[Collected data]
* * * * * * * * *
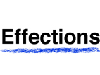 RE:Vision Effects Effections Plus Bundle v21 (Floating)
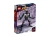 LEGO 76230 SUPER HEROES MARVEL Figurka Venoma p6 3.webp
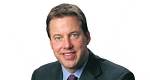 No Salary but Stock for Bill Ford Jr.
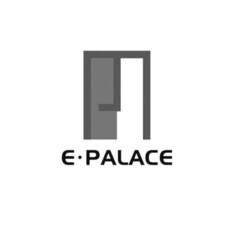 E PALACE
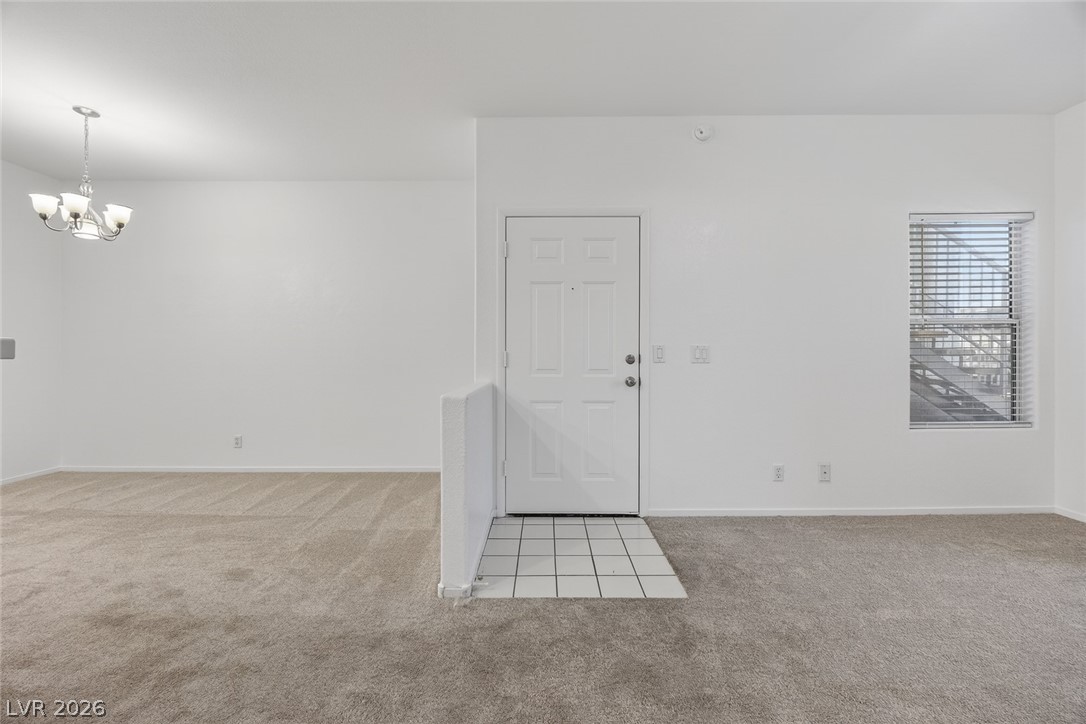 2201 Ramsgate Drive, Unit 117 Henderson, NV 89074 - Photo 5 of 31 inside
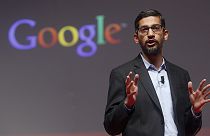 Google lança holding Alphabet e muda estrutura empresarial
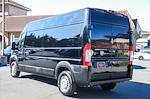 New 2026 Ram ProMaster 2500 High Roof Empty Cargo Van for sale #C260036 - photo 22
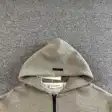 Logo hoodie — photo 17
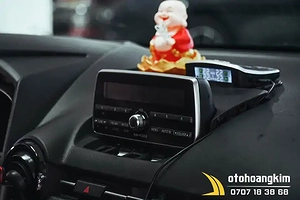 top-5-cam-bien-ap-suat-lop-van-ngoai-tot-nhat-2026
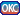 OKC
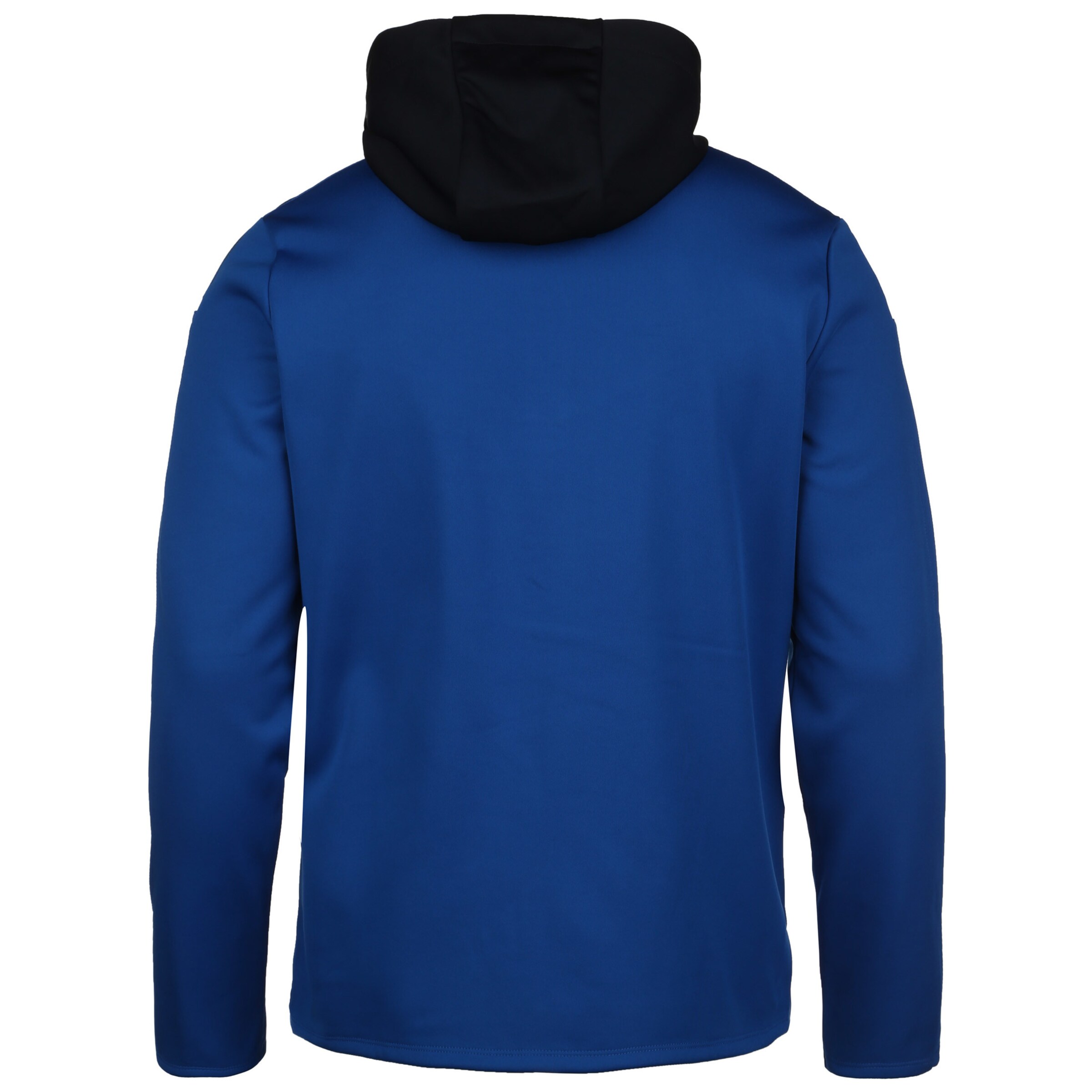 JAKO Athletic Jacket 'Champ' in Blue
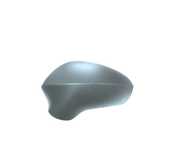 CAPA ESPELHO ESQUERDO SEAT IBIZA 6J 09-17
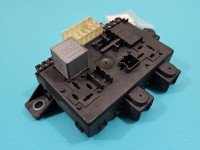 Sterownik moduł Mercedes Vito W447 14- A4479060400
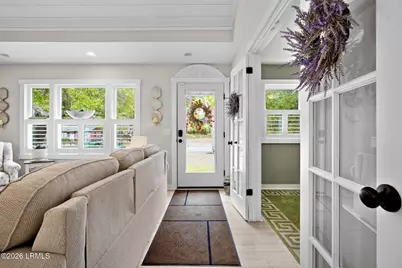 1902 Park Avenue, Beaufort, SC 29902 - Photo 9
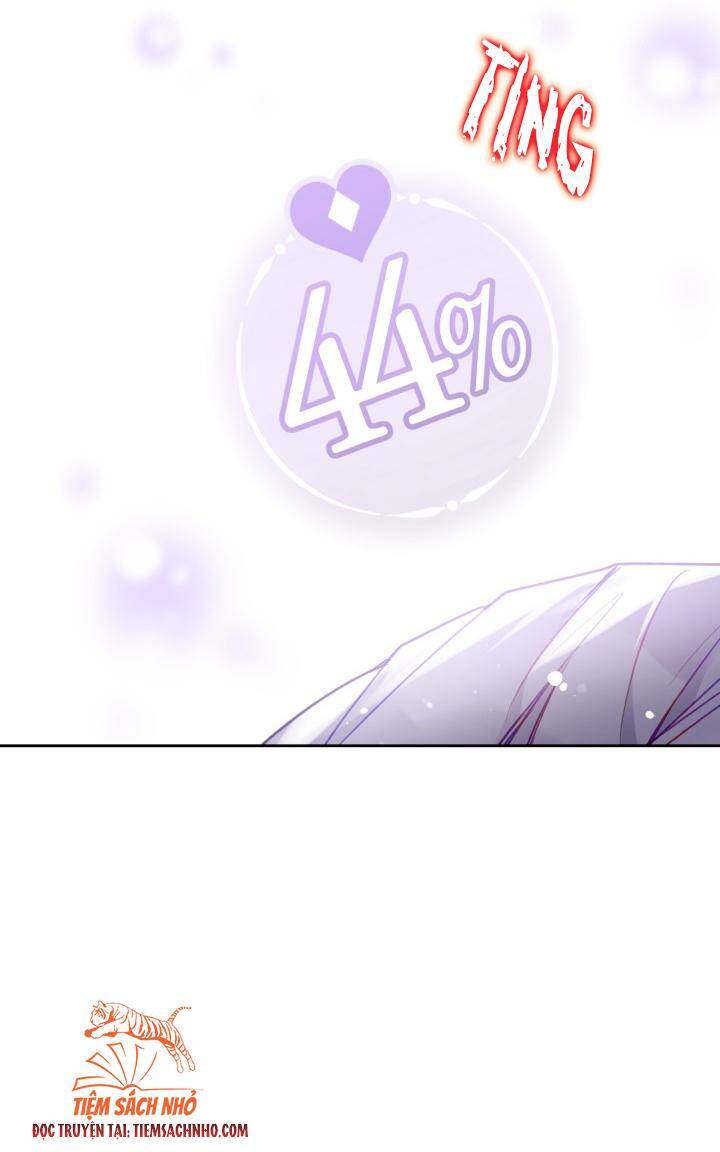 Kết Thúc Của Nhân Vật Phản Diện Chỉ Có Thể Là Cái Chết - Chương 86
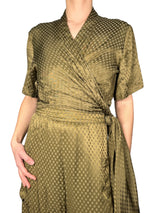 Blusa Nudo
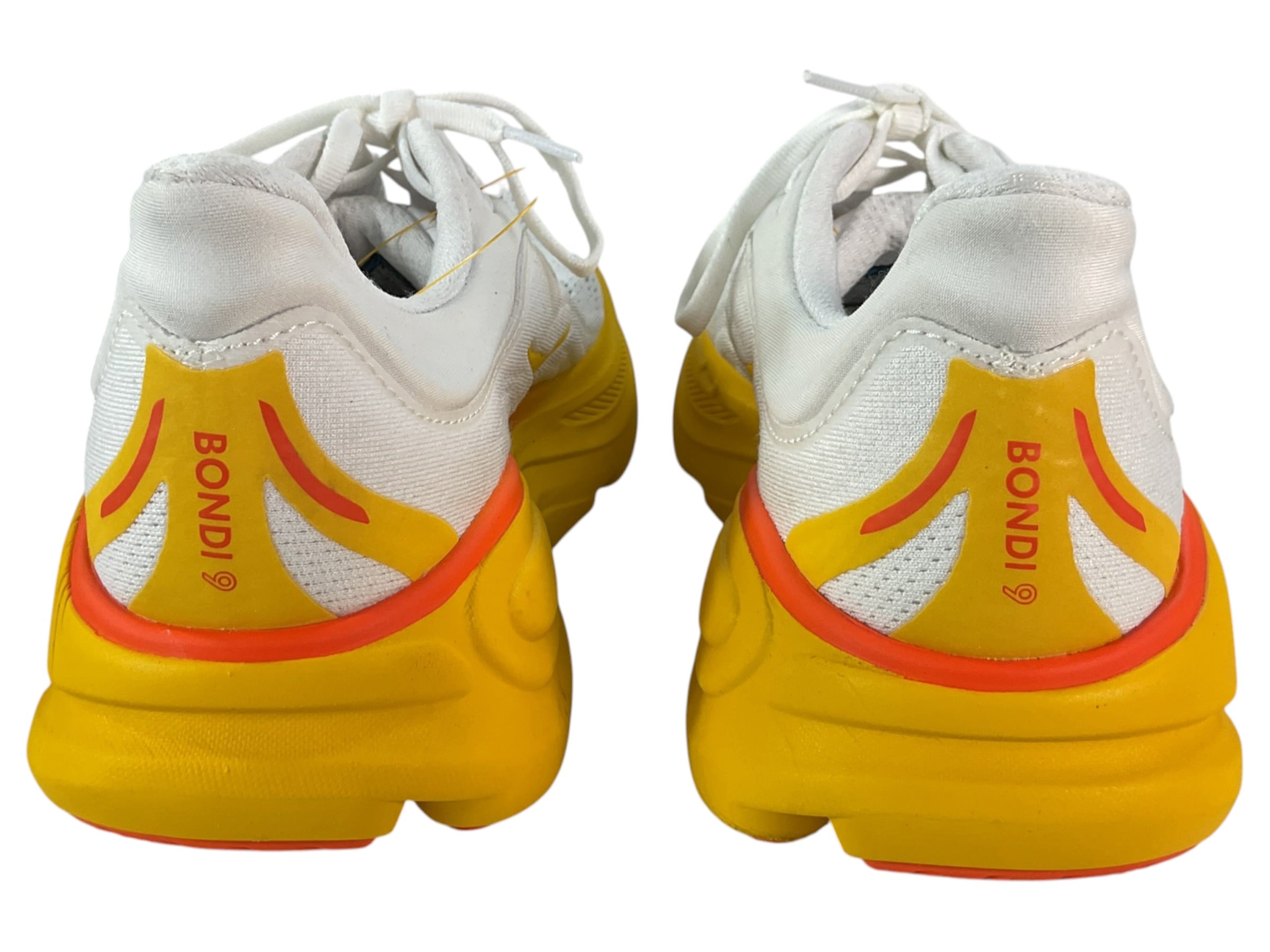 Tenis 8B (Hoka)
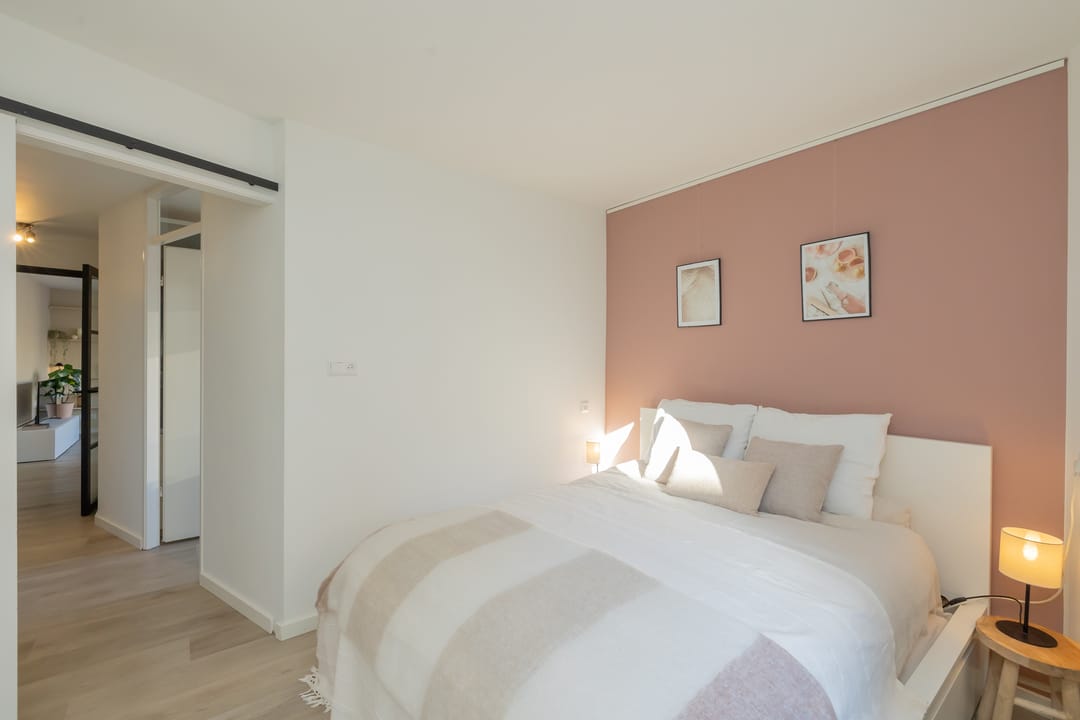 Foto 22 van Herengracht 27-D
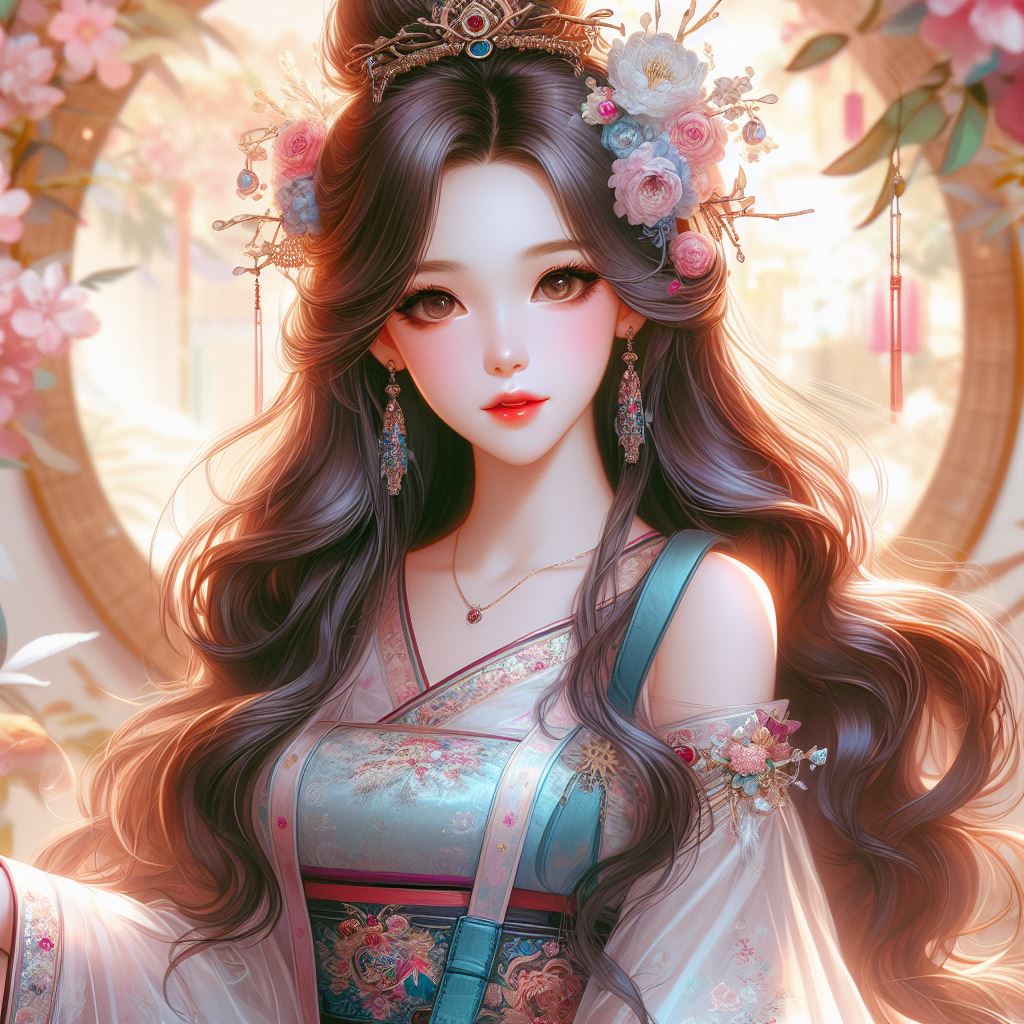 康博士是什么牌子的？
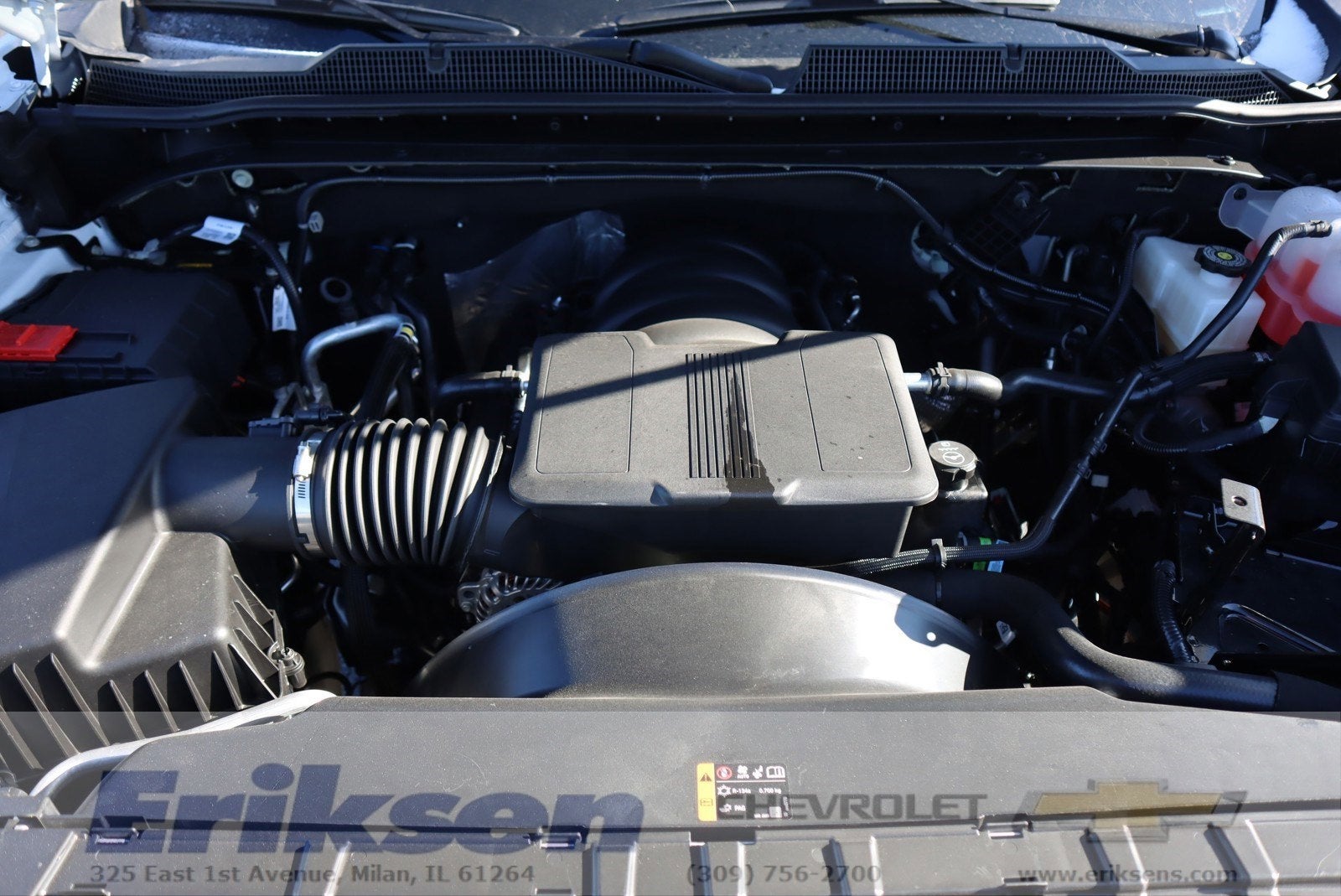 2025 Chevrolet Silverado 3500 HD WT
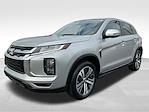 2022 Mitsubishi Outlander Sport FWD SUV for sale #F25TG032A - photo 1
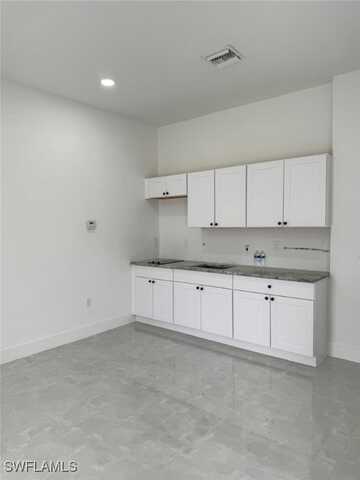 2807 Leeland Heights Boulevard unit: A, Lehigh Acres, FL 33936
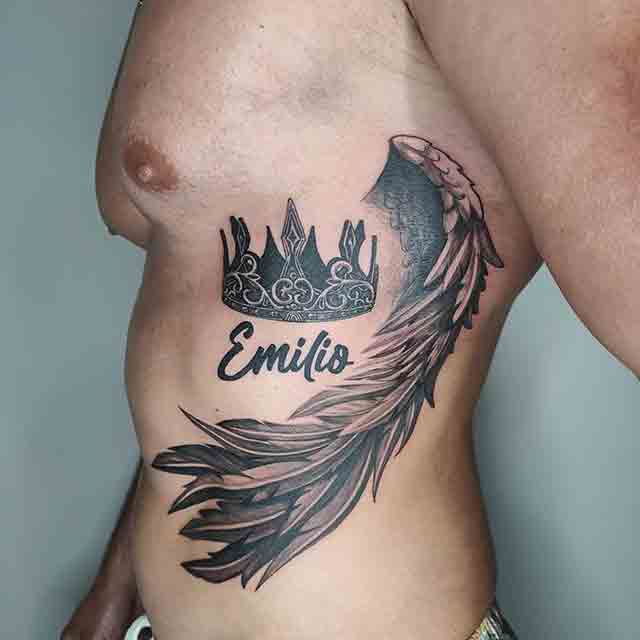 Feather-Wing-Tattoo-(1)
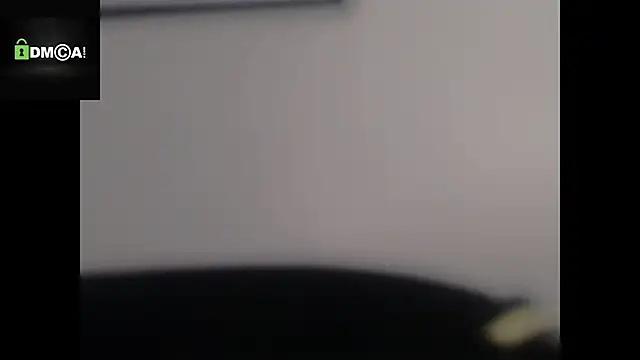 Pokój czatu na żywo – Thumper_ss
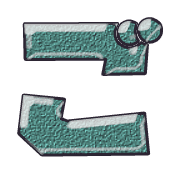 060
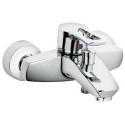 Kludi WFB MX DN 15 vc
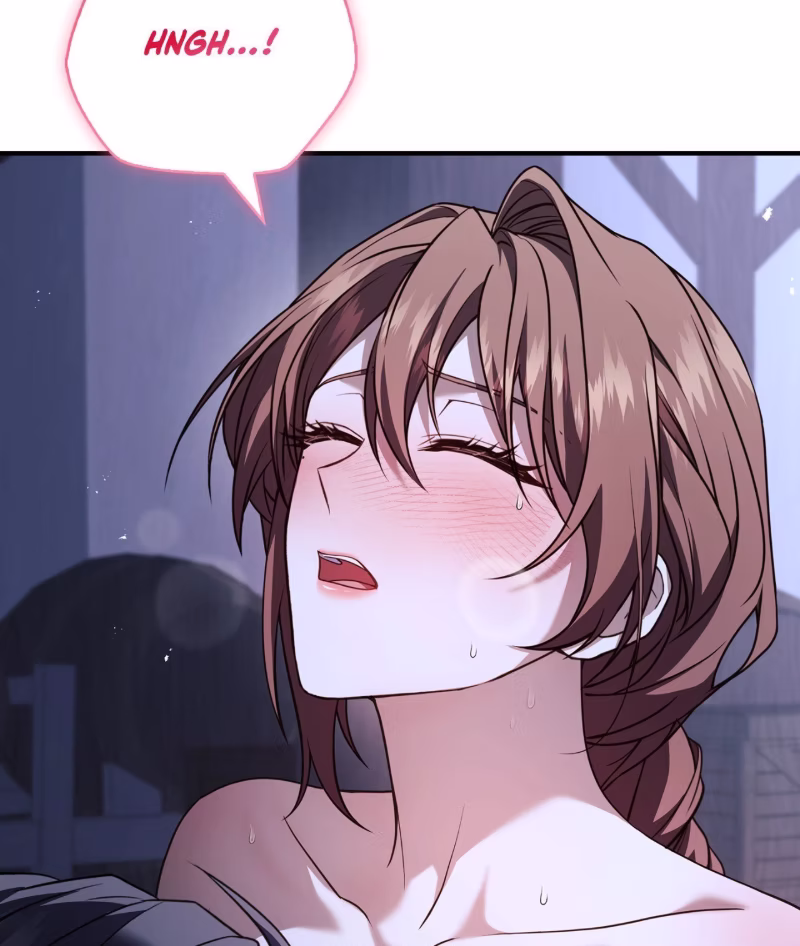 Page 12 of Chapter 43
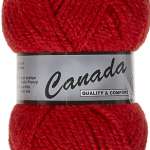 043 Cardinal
* * * * * * * * *
* REQUIRED ACTION: Retype the records above exactly, and keep any picture out of what you write.

* SOLUTION TO THE PROBLEM:
 RE:Vision Effects Effections Plus Bundle v21 (Floating)
 LEGO 76230 SUPER HEROES MARVEL Figurka Venoma p6 3.webp
 No Salary but Stock for Bill Ford Jr.
 E PALACE
 2201 Ramsgate Drive, Unit 117 Henderson, NV 89074 - Photo 5 of 31 inside
 Google lança holding Alphabet e muda estrutura empresarial
 New 2026 Ram ProMaster 2500 High Roof Empty Cargo Van for sale #C260036 - photo 22
 Logo hoodie — photo 17
 top-5-cam-bien-ap-suat-lop-van-ngoai-tot-nhat-2026
 OKC
 JAKO Athletic Jacket 'Champ' in Blue
 CAPA ESPELHO ESQUERDO SEAT IBIZA 6J 09-17
 Sterownik moduł Mercedes Vito W447 14- A4479060400
 1902 Park Avenue, Beaufort, SC 29902 - Photo 9
 Kết Thúc Của Nhân Vật Phản Diện Chỉ Có Thể Là Cái Chết - Chương 86
 Blusa Nudo
 Tenis 8B (Hoka)
 Foto 22 van Herengracht 27-D
 康博士是什么牌子的？
 2025 Chevrolet Silverado 3500 HD WT
 2022 Mitsubishi Outlander Sport FWD SUV for sale #F25TG032A - photo 1
 2807 Leeland Heights Boulevard unit: A, Lehigh Acres, FL 33936
 Feather-Wing-Tattoo-(1)
 Pokój czatu na żywo – Thumper_ss
 060
 Kludi WFB MX DN 15 vc
 Page 12 of Chapter 43
 043 Cardinal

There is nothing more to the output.